§ TASK GOAL: The answer is the line with "Indian Chapatis indian" and every line after it to the end of the listing, retyped exactly. Pictures do not belong in it.

________________________

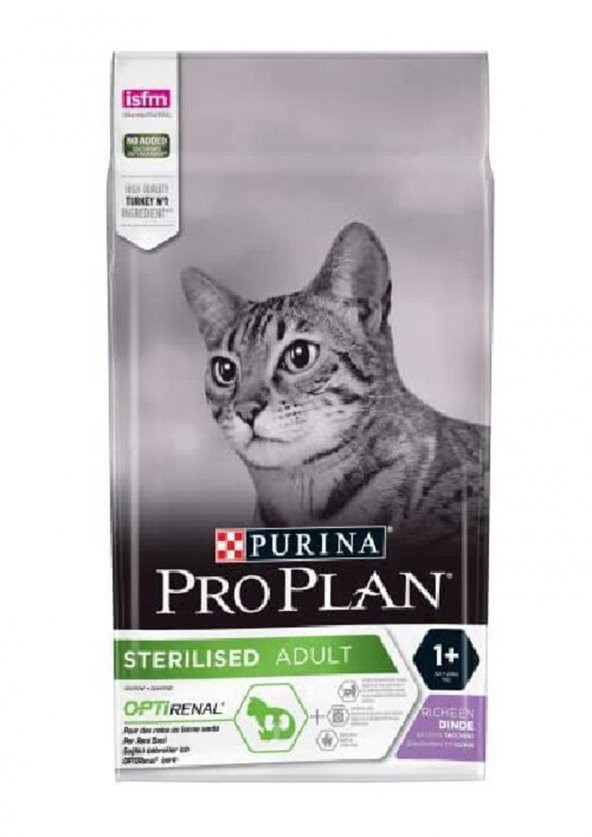 Pro Plan Sterilised Tavuk-Hindi Kısırlaştırılmış Kedi Maması 3 Kg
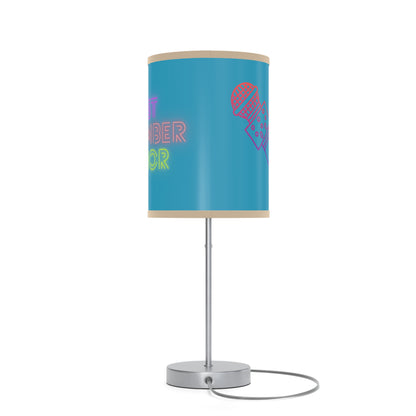 Lamp on a Stand, US|CA plug: Music Turquoise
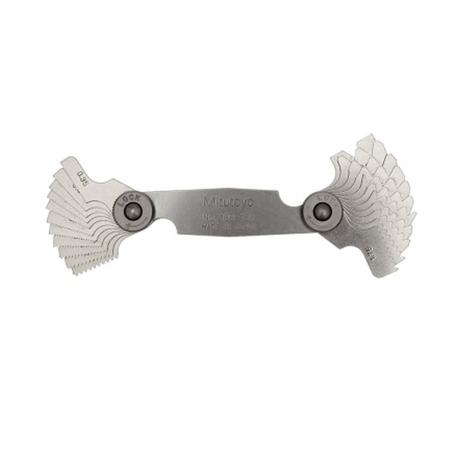 Bộ dưỡng đo ren 0.4-7mm Mitutoyo 188-151 (51 lá)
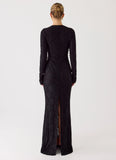 Astoria Long Sleeve Maxi Dress Black
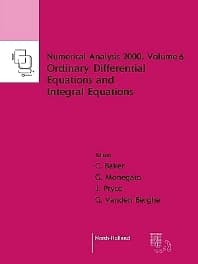 Ordinary Differential Equations and Integral Equations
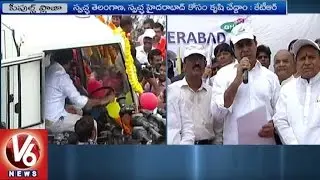 Minister KTR Speech After Distributing GHMC Auto Trolleys | Hyderabad | V6 News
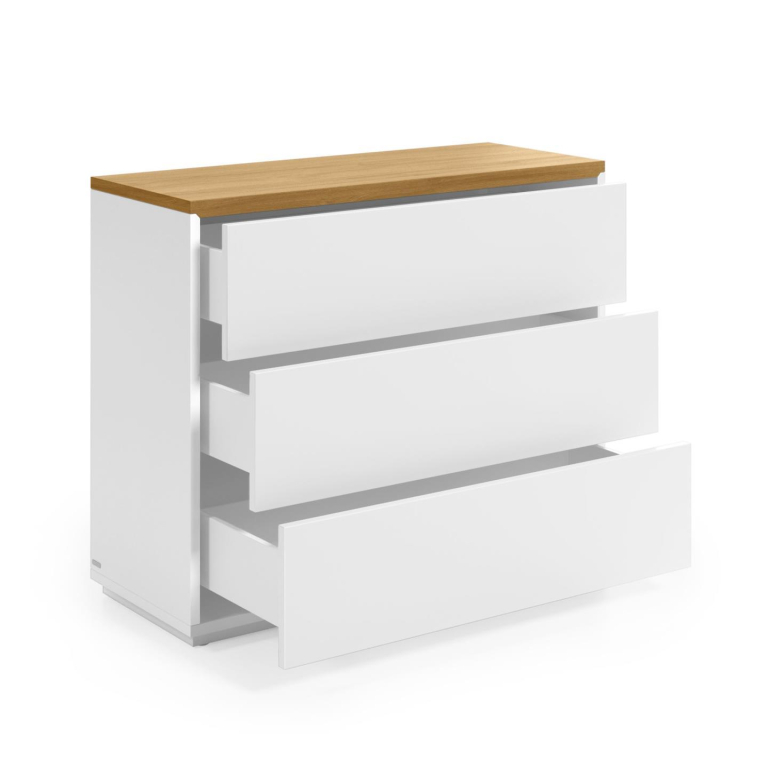 Kave Home Abilen dressoir 90x75 wit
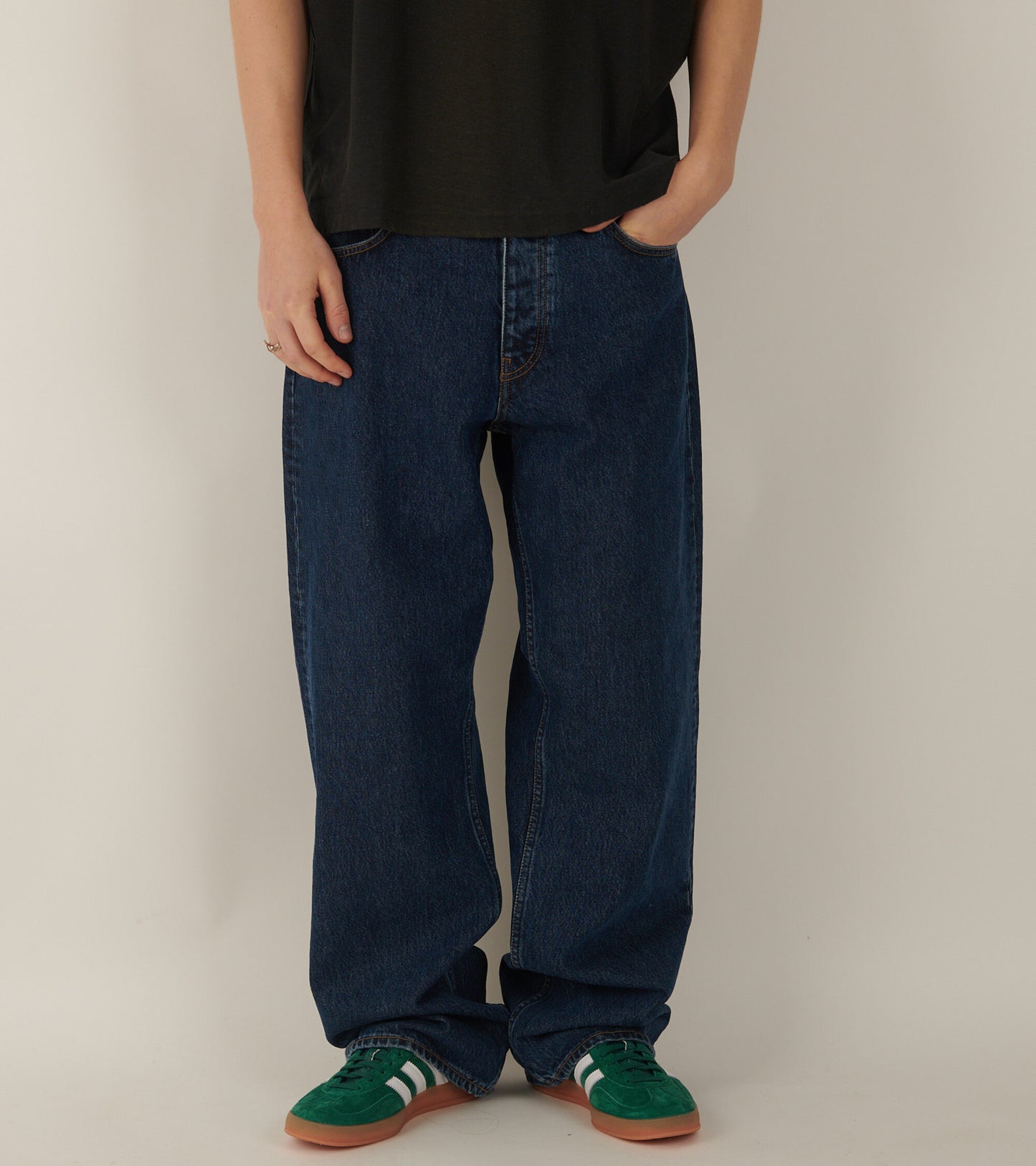 Loose Jeans Rinse Blue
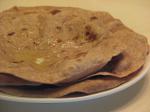 Indian Chapatis indian or Kenyan Wholewheat Flatbread Appetizer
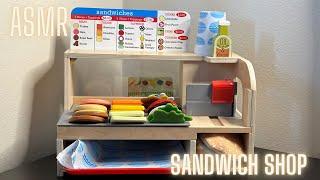 ASMR | Sandwich Shop, Whispering (Melissa and Doug Toy set)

________________________

§ ANSWER TO THIS PROBLEM:
 Indian Chapatis indian or Kenyan Wholewheat Flatbread Appetizer
 ASMR | Sandwich Shop, Whispering (Melissa and Doug Toy set)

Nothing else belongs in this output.